The cumulative fiscal deficit rose higher in August to 2.2% of GDP, already exceeding the MoF’s 2.0% year-end nominal deficit forecast. The monthly fiscal balance in August reached a deficit 0.4% of GDP, above the 0.2% of GDP of August 2023. The year-to-date fiscal balance now reaches -2.2% of GDP (-0.7% YTD as of August 2023), exceeding the MoF’s annual nominal deficit target of 2.0% of GDP. The fiscal balance tends to deteriorate during the fourth quarter of every year, with 4Q23 accumulating a whopping deficit of 1.2% of GDP, suggesting the MoF will miss their nominal forecast even with a significant spending restraint.
12-month rolling fiscal deficit edged higher. On a 12-month moving average basis as of the end of August, the central government’s revenues reached 21.4% of GDP, and expenditures 25.2% of GDP, leading to a cumulative deficit of 3.9% of GDP, the greatest since early 2022, reflecting the material fiscal deterioration throughout the course of this cyclical adjustment.
Debt issuance contributed to higher liquid assets at the Treasury. According to the Budget Office’s Monthly Asset Report, the Treasury’s liquid assets by the end of August reached a total of USD2.782 million, of which USD2.336 million were denominated in CLP assets, and the remaining USD446.53 million in dollar-denominated assets; the jump in the month likely reflects debt issued during the period. Assets in the sovereign wealth funds rose in the month likely due to portfolio performance, with the Stabilization Fund reaching USD4.7 billion and the Pension Reserve Fund USD9.5 billion.
Low dollar sales through year-end. We expect the MoF to sell roughly USD400 million per month through year-end, equivalent to the upper bound of our estimate for monthly mining-related revenues. The MoF's dollar sales finance shortfalls in the central government's deficit, with expenditures are primarily in CLP, and do not target a given level of the exchange rate.

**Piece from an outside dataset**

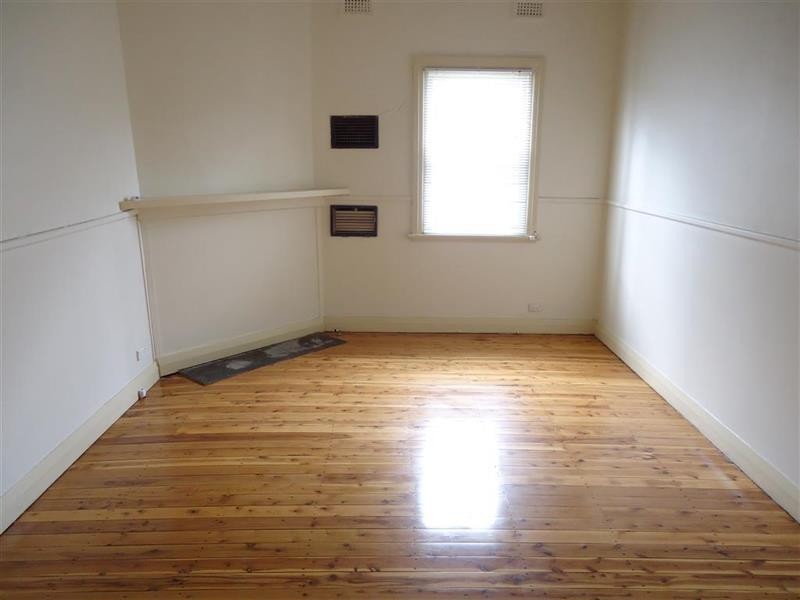 22 Bolton St, Wagga Wagga NSW 2650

Our take: The MoF is likely to miss its structural deficit target this year. The combination of persistently weak revenues and strong spending have led to a cumulative nominal fiscal balance through August of 2.2% of GDP, above the MoF’s 2.0% forecast. As mentioned earlier, the deficit ramps up significantly during the final quarter of the year, suggesting an even greater deficit by year-end. As such, the MoF is set to mess this year’s structural deficit target of 1.9% of GDP, further eroding the credibility of the fiscal institutional framework. Considering that the MoF’s USD2.25 billion 4Q24 issuance plan, completing the USD16.5 billion annual plan, is below the roughly USD3.8 billion in debt maturing in the period, financing shortfalls could be covered by slightly more debt issuance or additional withdrawals from the Stabilization Fund. Our nominal deficit forecast of 2.3% of GDP for this year is biased to the upside. The next monthly fiscal report (September) is scheduled for October 30.